桐原 現在の治療法はどんなものがあるのでしょうか。

一色 その後、年々治療が進歩しました。革命的だったのは、心筋梗塞というのは冠動脈が詰まるわけですけが、その詰まった血管を元通りに流れるようにしたことですね。

桐原 「再灌流療法」と呼ばれているものですね。

一色 そうです。再灌流療法の発展は2段階になっていて、最初は血栓溶解療法がおこなわれるようになりました薬で血管を詰まらせていた血の塊を溶かしてしまおうという治療法で、一定の効果がありました。特に発症の早い時期の血栓は比較的高い確率で溶けます。溶けることで血液が流れて、命が助かる方がたくさん出てきました。そのうちに、バルーンカテーテルと呼ばれる風船のついた細い管を血管の中に入れて詰まった狭い箇所を広げる治療が行われるようになりました。は心筋梗塞のように血栓のあるところに異物を入れるのはNGといわれていたんですけども、やってみたら血栓溶解療法よりも成功率が高く、さらに救命率が上がりました。

桐原 「カテーテル治療」と呼ばれるものですね。

一色 現在は「ステント」という筒状の金網を用いて血管壁を押さえ込む治療が主流になっています。このように20年、30年かけて治療法が進歩してきて、最近では、これらの治療ができる環境にあれば死亡率は5-6%にまで下がっています。

桐原 ずいぶん救命率が上がったのですね。

一色 症状が出てからすぐにカテーテル治療ができる病院に運ばれれば、そのぐらい助かるんです。太い血管が詰まったような重症の方でなければ亡くならずに退院できるところまできています。

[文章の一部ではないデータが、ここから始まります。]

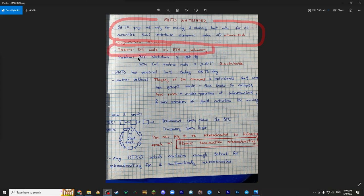BTC blockchain is at the moment 364 gigabytes, so that's not that much. It's actually a little bit more, maybe this is a couple of months old information, so it's maybe a little bit more.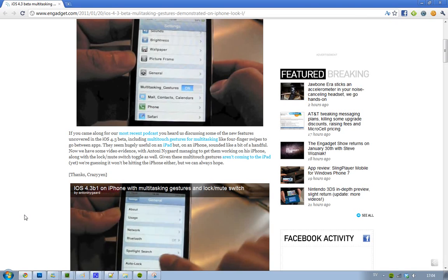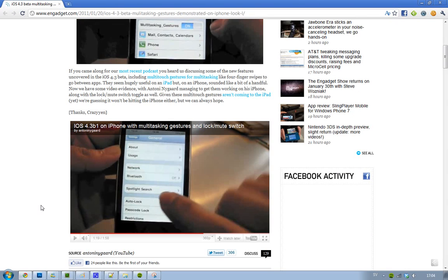But now a guy—because this was only for the iPad—a guy seems to have got this thing to work on his iPhone, and it's kind of cool. Actually, I'll leave a link in the description, and he's running iOS 4.3 beta 1.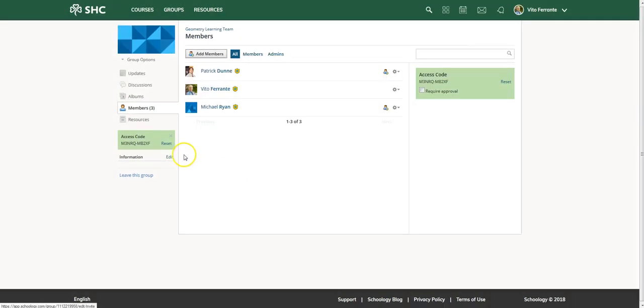Or like I said before, find the access code, give it to the members either again through an email or just write it on a piece of paper, whatever, and then they can add themselves.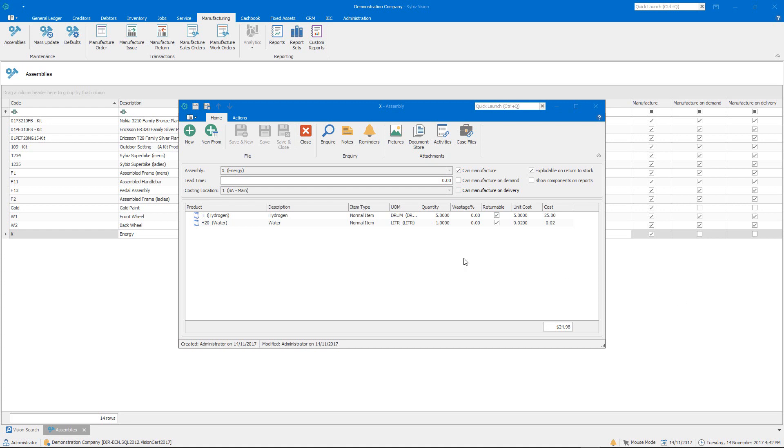So up on the screen I have a very simple assembly where our input is hydrogen and as part of that process of producing energy by combusting hydrogen we're going to be producing a byproduct of water.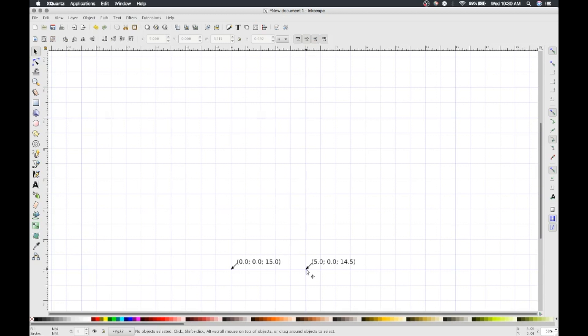The way we have our document set up, your image will be drawn 14.5 inches in front of Dorna's origin. This gives Dorna some room to move, but you can experiment with this distance.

桐原 それは30年前であれば助からなかった命ですね。

一色 何もしなければいまでも3割ぐらいの方は亡くなるかもしれません。例えば血管が詰まって苦しかったのにすぐに病院に来ないで何時間も我慢してしまうと詰まった部分の心筋が全部壊死してしまいますから、あとから血流を再開させても助かる心筋が残っていません。そうなると、入院してから心不全になりやすく、それを乗り越えてなんとか退院できても心臓の機能が落ちたまま生活していくことになります。

桐原 治療の早い遅いが予後にもかかわるのですね。